The hat matrix is defined as 

$$H=X(X^{\prime }X{)}^{-1}{X}^{\prime }.$$

The diagonal elements $h_{ii}$ of H are the leverages of the points. These values are the measures of the distance between the observations x values and the center of the data. A large value of $h_{ii}$ shows that the i-th observation is distant from center. Residual of an observation $e_i=y_i-{\hat{y}}_i$ shows the distance between an observation $y_i$ with predicted value ${\hat{y}}_i$. The variances of the residuals are predicted by the diagonal elements of $(I-H)s^2$. Dividing each residual by its standard deviation gives a Standardized residual, represented by $r_i$,

$$r_i=\frac{e_i}{\sqrt{s^2(1-h_{ii})}},$$

where $s^2$ is the estimation of error variance ${\sigma }^2$ and I is the nxn identity matrix. The standardized residuals behave much like a Student's t random variable except for the fact that the numerator and denominator of $r_i$ are not independent. Considering this problem Studentized residuals are suggested as

$$r_i^{\ast }=\frac{e_i}{\sqrt{s_{(i)}^2(1-h_{ii})}},$$

where $s_{(i)}^2=\frac{(n-p)s^2-e_i^2/(1-h_{ii})}{n-p-1}$ and the subscript in parentheses is the case that the ith observation has been removed for the estimate of ${\sigma }^2$.

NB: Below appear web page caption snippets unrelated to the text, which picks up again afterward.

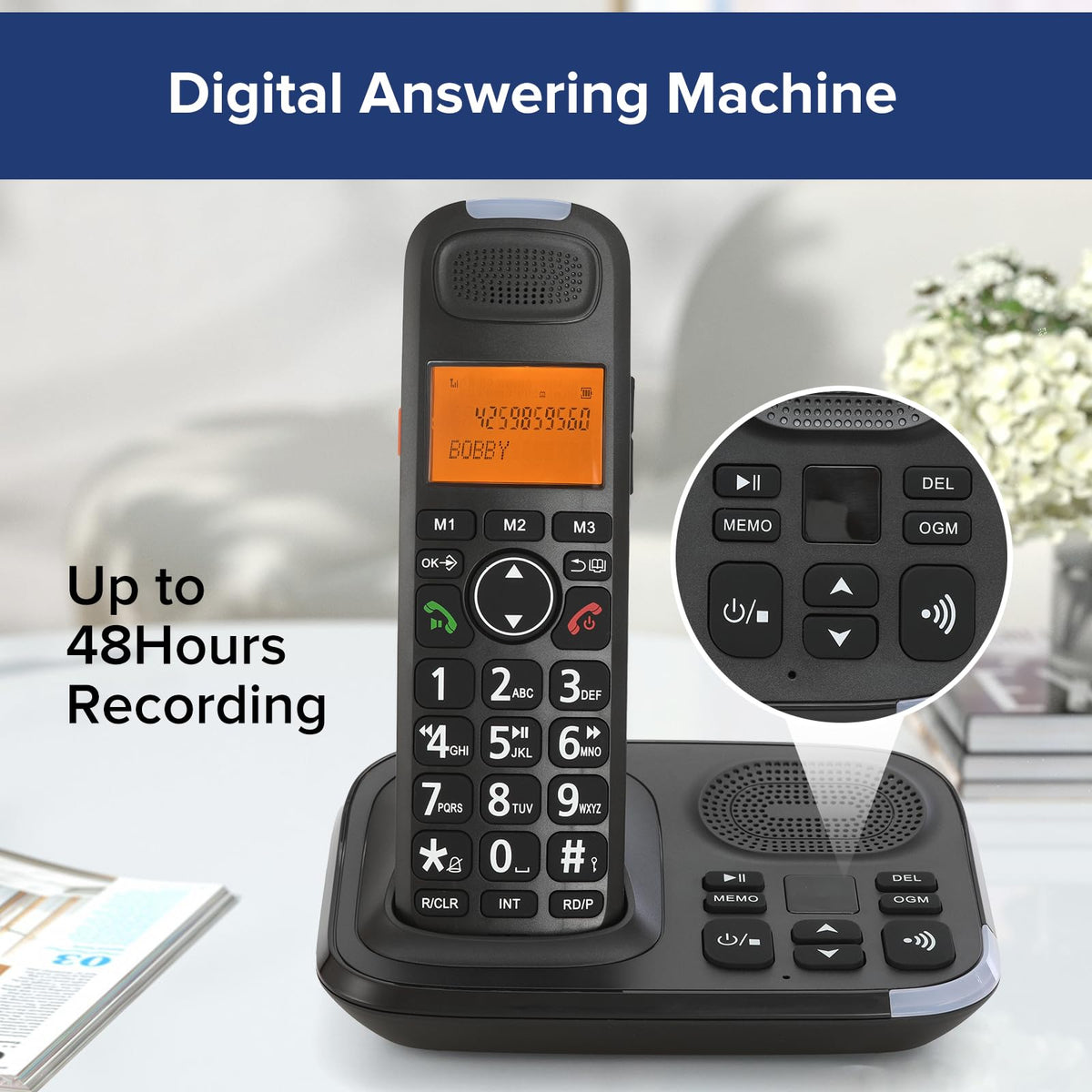 Black Cordless Phone System with Answering Machine, 3 Handsets B1825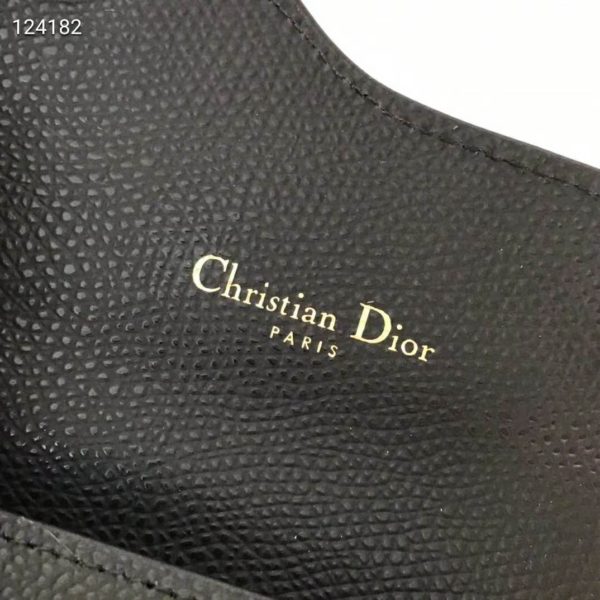 Dior Unisex Saddle Flap Card Holder Black Goatskin ‘D’ Accent (7)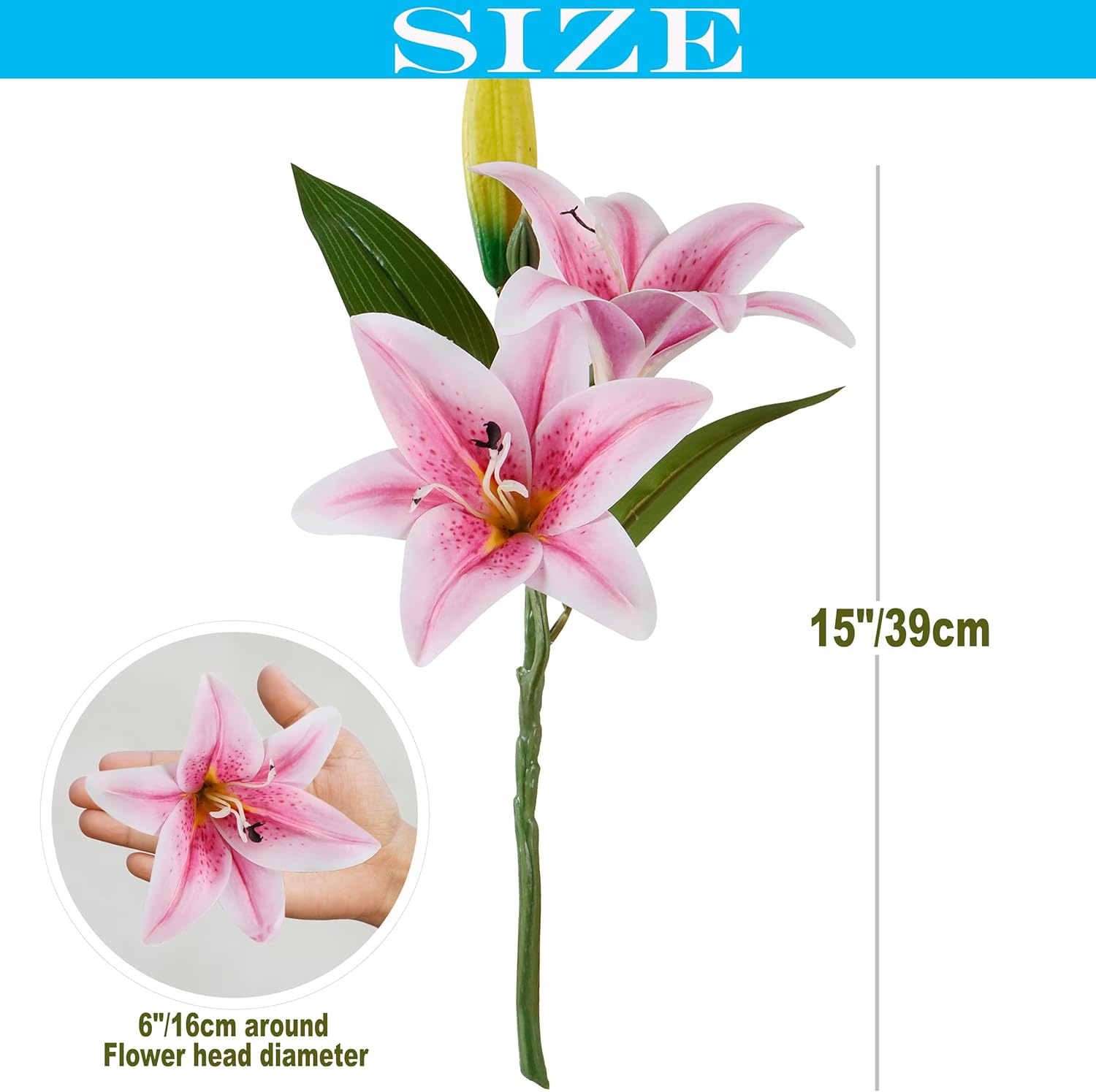 6pcs Tiger Lily Artificial Flowers, 15 Inch Faux Lilies Flower with 2 Blooms and 1 Bud, Latex Real Touch Easter Lily Flowers for Home Décor Centerpiece Wedding Bouquet,Deep Purple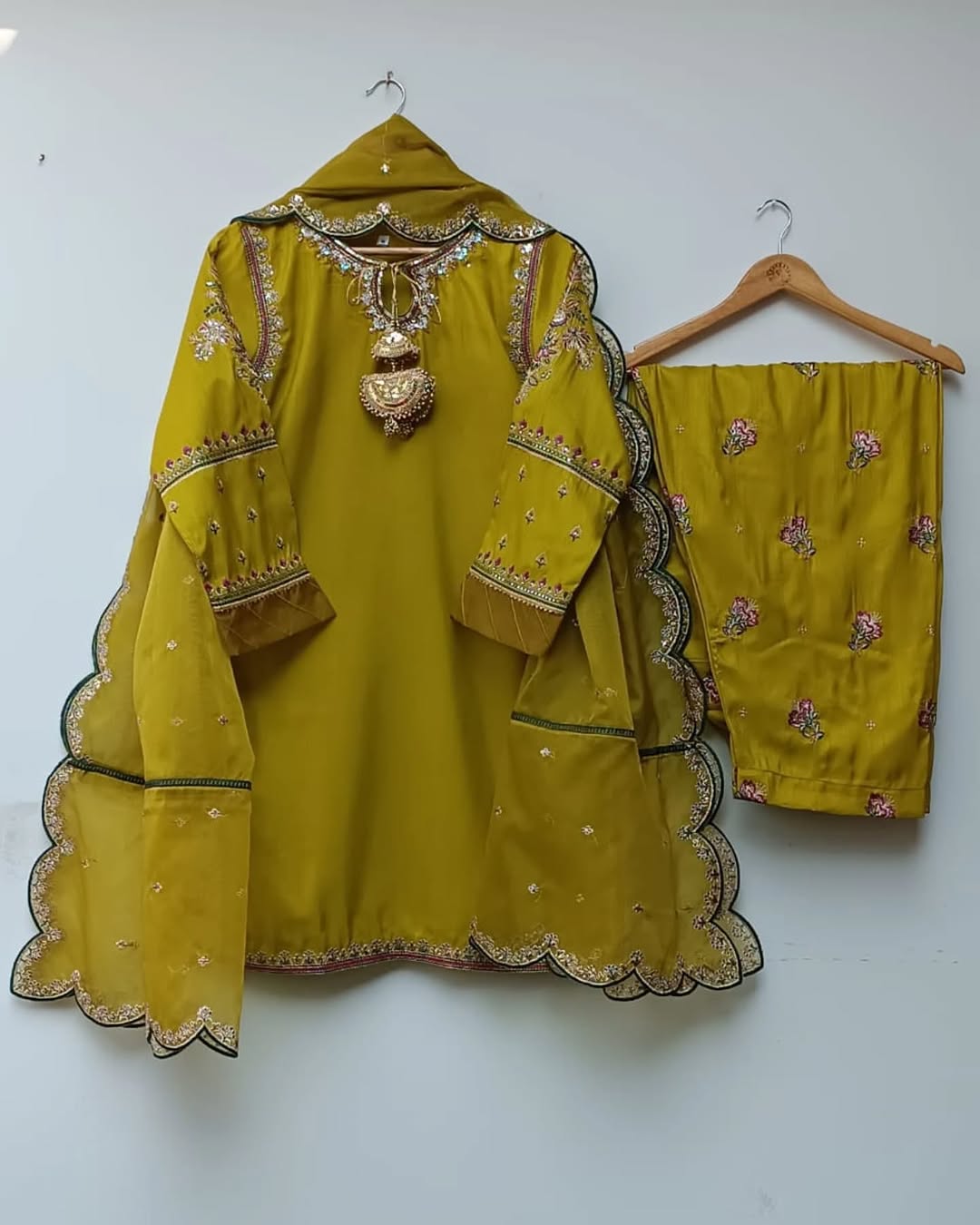 Amna Khurram Mustard yellow 3pc Inza ready to wear collection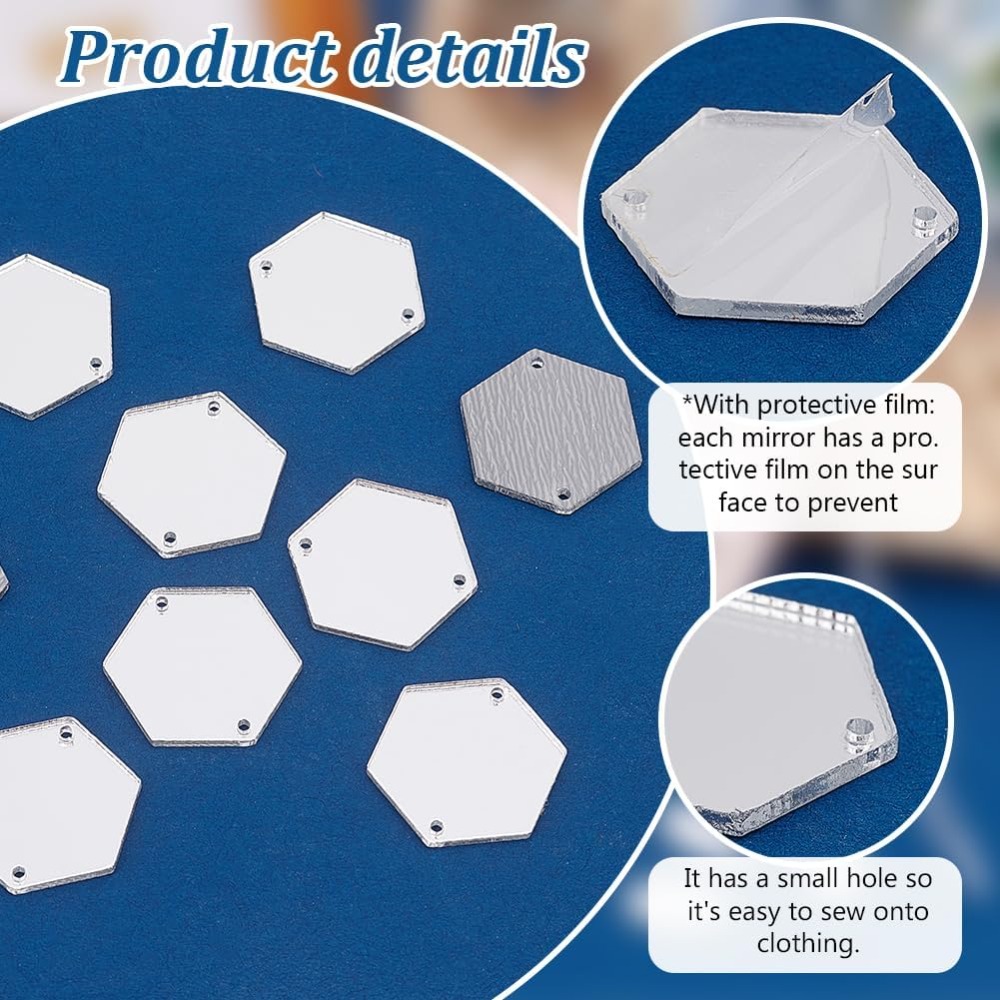 200pcs Hexagon Sew on Mirrors  - огляд і ціна Sewing Kit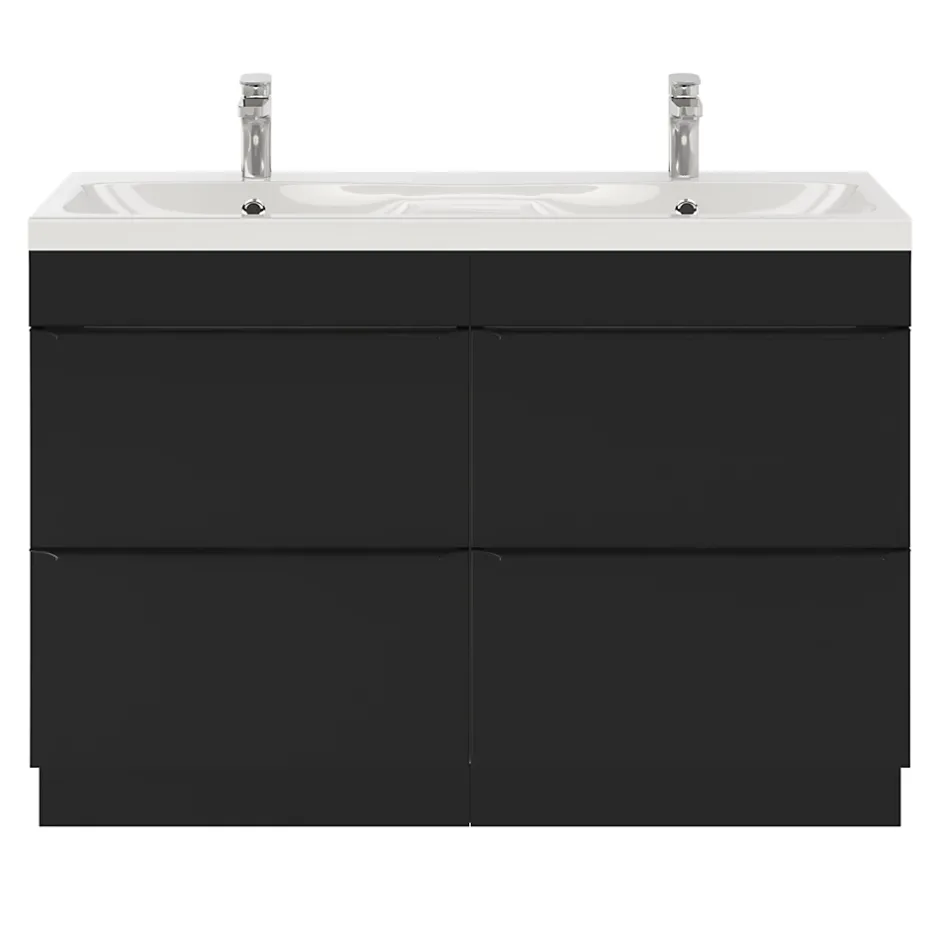 GoodHome Meuble sous vasque à poser noir mat l.120 x H.82 x P.45 cm, Imandra* Meuble Buanderie|Meuble De Salle De Bains Faible Profondeur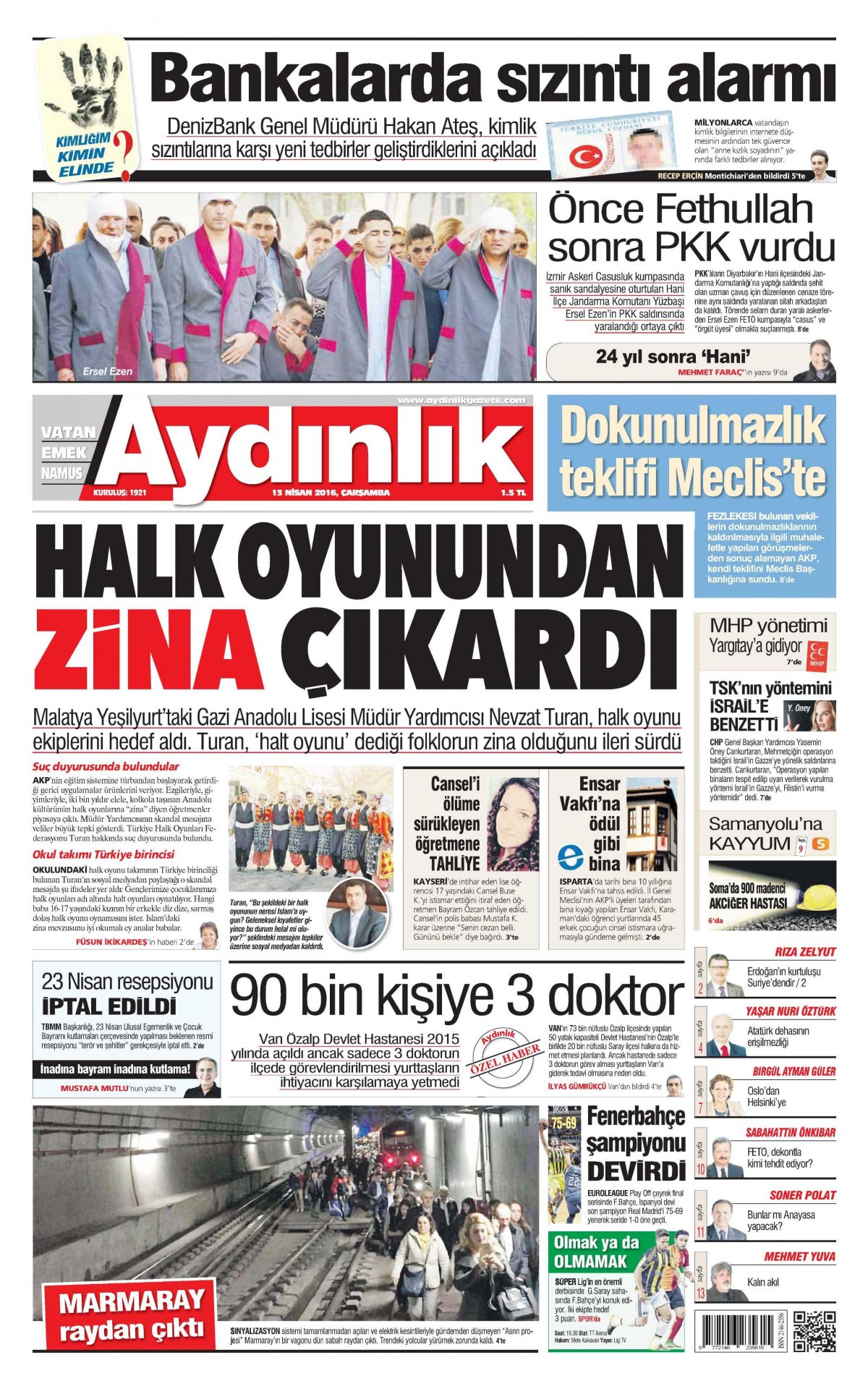 13 Nisan 2016 gazete manşetleri - 855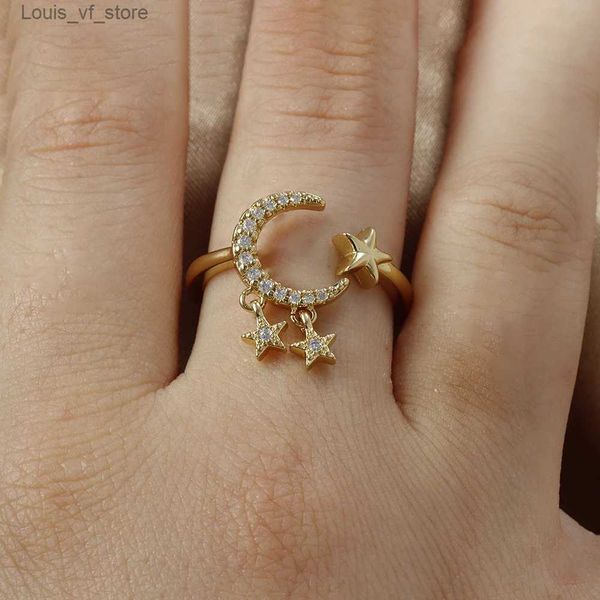 Bandringe Neues Design Zirkonstar Moon Open Ring für Frauen Luxus modische Edelstahl Finger Ring Korean Schmuckparty Girls sexy Ring T231213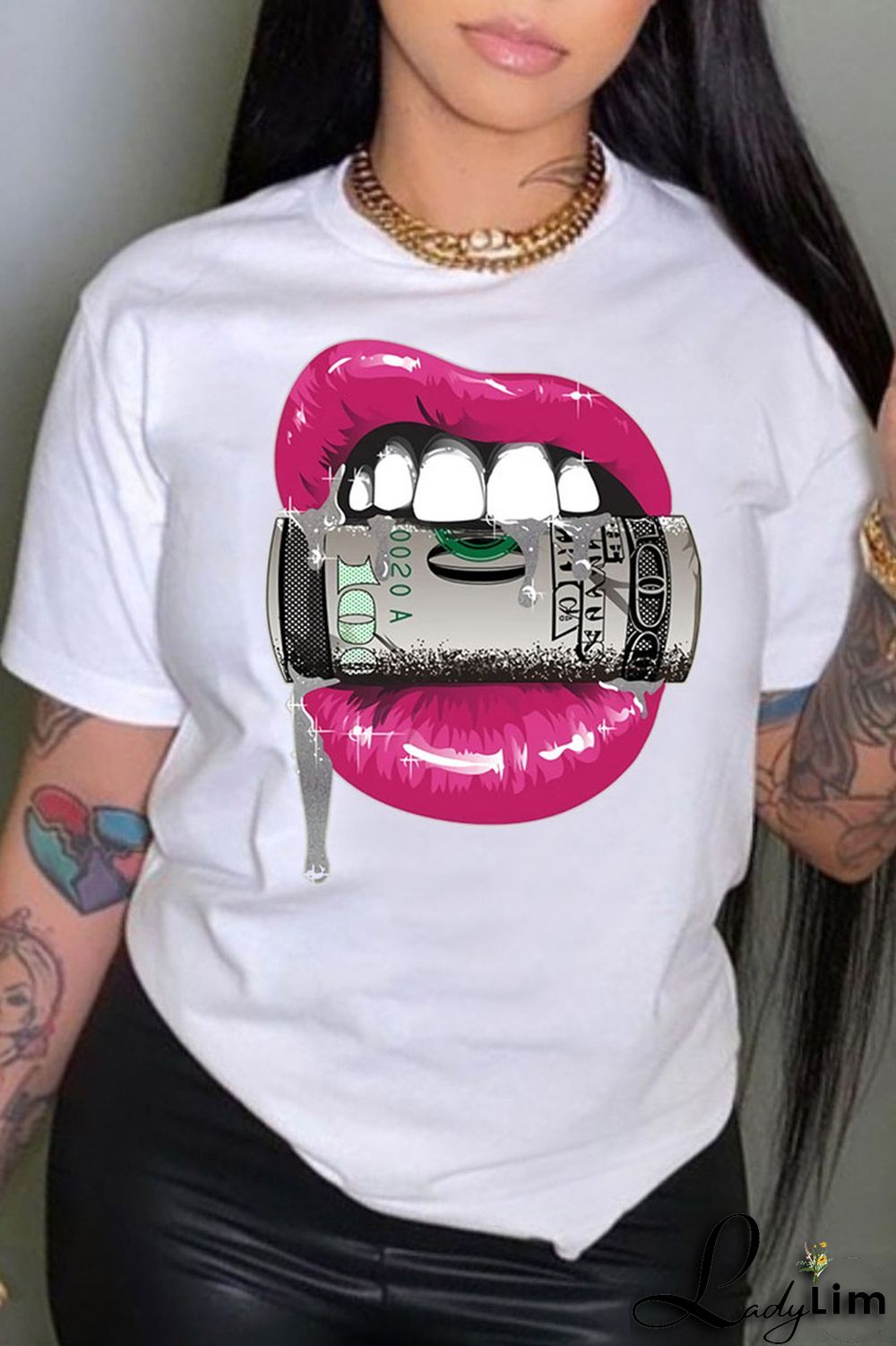 White Pink Casual Street Lips Printed Letter O Neck T-Shirts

3. Review of measures of influence

Some standard measures of influence are discussed in this chapter. These are Cook's distance, DFFITS and LD.

3.1. Cook's distance

The Cook's distance statistics suggested by Cook in 1977 [9] is measured the Euclidean distance between $\hat{\beta }$ and ${\hat{\beta }}_{(i)}$ which is parameter estimation when i-th observation removed from the data set. Cook's distance is defined as

$$D_i=\frac{({\hat{\beta }}_{(i)}-\hat{\beta }{)}^{\prime }{X}^{\prime }X({\hat{\beta }}_{(i)}-\hat{\beta })}{p{s}^2}.$$ (1)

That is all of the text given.